Tra questi, però, particolare riguardo è riservato a Carl Woese, che potrebbe essere considerato il vero protagonista del libro, le cui scoperte scossero le fondamenta della filogenesi con una portata potenzialmente enorme, ma mai coronata dal Nobel. La scoperta di un terzo dominio, quello degli Archea, organismi unicellulari antichissimi, differenti dai batteri per l’assenza di peptidoglicano nella parete, seppure da sempre considerati tali, secondo Woese avrebbe dovuto creare una rivoluzione pari a quella scatenata da Darwin, ma che forse fu offuscata proprio dal suo carattere scostante.
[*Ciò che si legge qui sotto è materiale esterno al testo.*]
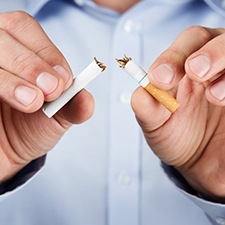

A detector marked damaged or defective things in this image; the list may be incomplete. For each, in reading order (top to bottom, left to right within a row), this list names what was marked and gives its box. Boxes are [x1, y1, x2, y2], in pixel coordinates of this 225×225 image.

broken cigarette [42, 57, 106, 118]
broken cigarette [116, 55, 179, 113]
In uno scenario tassonomico radicalmente mutato rispetto a quello dei secoli precedenti, si colloca un fenomeno altrettanto significativo, se non sconvolgente: il trasferimento genico orizzontale (HTG), ossia il “salto” di sequenze di DNA capaci di replicarsi in nuove posizioni del genoma di cui fanno parte o di quello di altre specie.
Conosciuto sin dai primi anni del Novecento, non se ne era mai capita l’importanza e per questo venne relegato nella posizione di evento estremamente raro e possibile solo tra batteri, fino a quando non se ne capirono il reale raggio d’azione, molto più ampio del previsto, e le autentiche e inaspettate conseguenze che ci riguardano più di quanto ci aspettassimo, con effetti anche notevolmente gravi. A tal proposito, basti pensare alla resistenza agli antibiotici, capacità trasmissibile mediante questa forma di eredità infettiva.
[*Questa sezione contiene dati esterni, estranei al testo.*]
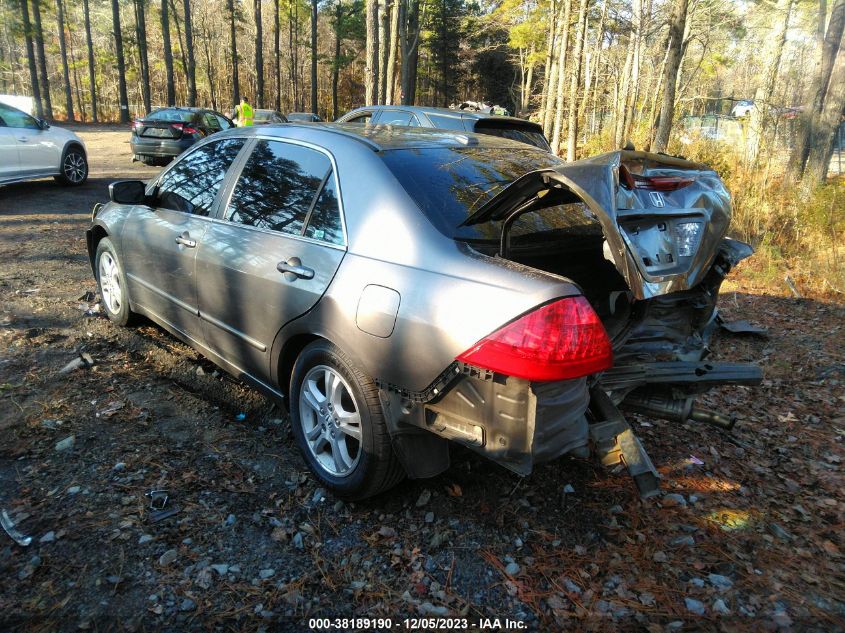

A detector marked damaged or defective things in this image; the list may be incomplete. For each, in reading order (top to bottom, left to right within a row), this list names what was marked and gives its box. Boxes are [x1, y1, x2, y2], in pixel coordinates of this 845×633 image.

damaged silver sedan [85, 123, 760, 498]
broken taillight housing [454, 296, 612, 380]
detached bumper piece [588, 386, 660, 498]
Pagina dopo pagina si dissolve ogni certezza, in un graduale processo guidato da una curiosità naturale, nutrita da parole fresche e genuine che trascinano il lettore fino all’ultimo capoverso, al termine del quale permane il sapore di un’inattesa e destabilizzante consapevolezza. Il modo di guardare noi stessi è sempre stato sbagliato e ora non possiamo fare a meno di mettere in discussione ogni dogma, persino la nostra stessa individualità. Ci sembra quasi di riconoscere nel nostro riflesso una musiva molteplicità, a volte inquietante e altre stimolante, che rimarrà in noi come una sopita cognizione, sebbene abbia ormai lasciato le sue impronte.